Again, this is not to say there’s necessarily anything wrong with causes like those I mentioned. But there is something wrong with the process by which we decide they’re more worthy of our time than stopping people from butchering babies. This is what happens when we acclimate large segments of the population to value getting credit for good intentions more than actually doing good. If we’re being honest, a lot of Americans—a lot of people each and every one of us know personally, I’d wager—don’t really give a damn about helping people in need; they’re just out to stoke their own vanity.

What do we do about this narcissism masquerading as compassion? How do we make people confront the reality that, as Walsh says, “to not care is a willful act, an evil act”? Let’s start with his advice:

  • Keep the issue out in the open. Talk about it on social media. Talk about it with your friends. Take a stance publicly, through whatever forums you have available to you.
  • Support candidates who are one hundred percent pro-life and fully committed to the cause. I won’t tell you which candidates fit that bill because I think they still have to prove themselves.
  • Take to the streets. Picket Planned Parenthood clinics. March. Rally. Be present and active physically.
  • Money talks. Our government gives half a billion dollars to the abortion industry. You might not have that much to give, but donate whatever you can to pregnancy centers and other organizations that serve the cause of life.
  • If we aren’t going to include prayer in this crusade, it will be hopeless. Pray. Every day.

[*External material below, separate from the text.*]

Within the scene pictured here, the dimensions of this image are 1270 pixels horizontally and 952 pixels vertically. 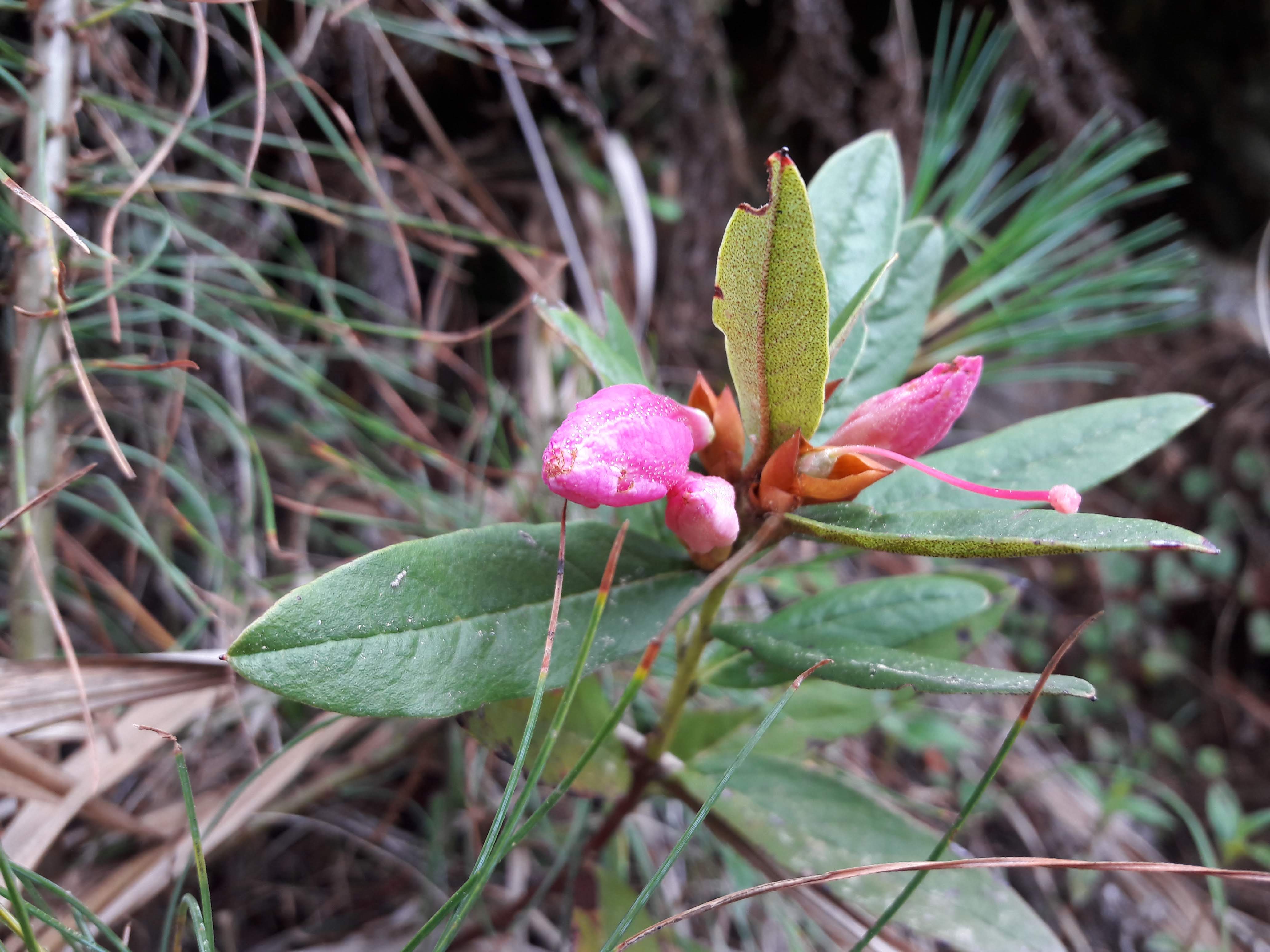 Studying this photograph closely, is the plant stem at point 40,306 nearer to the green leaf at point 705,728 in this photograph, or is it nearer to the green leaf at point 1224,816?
the green leaf at point 705,728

All correct and all valuable. But we need to make one addition to it.

If cultural approval is a significant factor in reluctance to stand up to abortion, it follows that cultural shaming is the necessary counter-force. If popularity is the currency of the day, we must make indifference costlier than decency. As I’ve also written before, we must drive home the sense that people ought to feel every bit as guilty to stand silently while preborn babies are slaughtered as they’d feel if they tolerated violence against blacks, Jews, or gays. “I support Planned Parenthood” must become every bit as stigma-inducing a proclamation as “I support the Ku Klux Klan.”

That means we have to be less reluctant to show people in denial exactly what they’re supporting.

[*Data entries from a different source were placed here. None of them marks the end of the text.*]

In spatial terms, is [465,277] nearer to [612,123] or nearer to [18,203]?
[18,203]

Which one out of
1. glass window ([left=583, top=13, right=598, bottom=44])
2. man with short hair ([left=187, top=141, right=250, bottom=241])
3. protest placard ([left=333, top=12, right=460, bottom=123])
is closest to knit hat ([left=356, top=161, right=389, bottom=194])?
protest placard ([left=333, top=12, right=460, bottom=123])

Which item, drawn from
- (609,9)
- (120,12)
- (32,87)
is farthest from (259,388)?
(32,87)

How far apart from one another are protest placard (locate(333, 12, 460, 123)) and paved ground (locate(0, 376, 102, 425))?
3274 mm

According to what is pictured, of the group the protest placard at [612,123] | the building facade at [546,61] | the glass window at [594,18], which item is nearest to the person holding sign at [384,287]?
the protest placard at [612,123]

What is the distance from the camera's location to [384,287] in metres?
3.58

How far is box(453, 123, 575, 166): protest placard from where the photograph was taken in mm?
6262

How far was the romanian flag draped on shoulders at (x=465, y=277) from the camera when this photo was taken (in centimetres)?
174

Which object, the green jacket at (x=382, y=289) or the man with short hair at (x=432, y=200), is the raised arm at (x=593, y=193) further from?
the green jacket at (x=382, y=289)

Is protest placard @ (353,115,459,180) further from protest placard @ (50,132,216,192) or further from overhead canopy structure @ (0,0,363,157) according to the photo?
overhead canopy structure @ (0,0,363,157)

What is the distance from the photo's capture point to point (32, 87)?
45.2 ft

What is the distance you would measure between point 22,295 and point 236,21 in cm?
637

It means we have to confront them about the kind of character it takes to knowingly go along with such evil.

It means we have to ask them where they were for baby murder victims the next time somebody shows us the newest ribbon on their car or the latest addition to their ever-growing collection of multicolored wristbands.

It means if your church is not actively, aggressively telling their congregants they must be pro-life (or worse, is pro-abortion), you need to find a different church, urge your brothers and sisters in Christ to do the same, and let your pastor know exactly why you’re leaving.

It means Christians with reservations about confrontation or tone need to revisit what Jesus actually taught about judging people.

And yes, it means we need to risk losing friends over this, or risk the next Thanksgiving dinner or ten being uncomfortable.

This is not a game. It’s not politics. It’s not a thought experiment. It’s not an “issue.” This is an evil more violent and more depraved than every Saw movie combined happening right now because we as a country are choosing to let it.

How can we possibly justify doing anything less?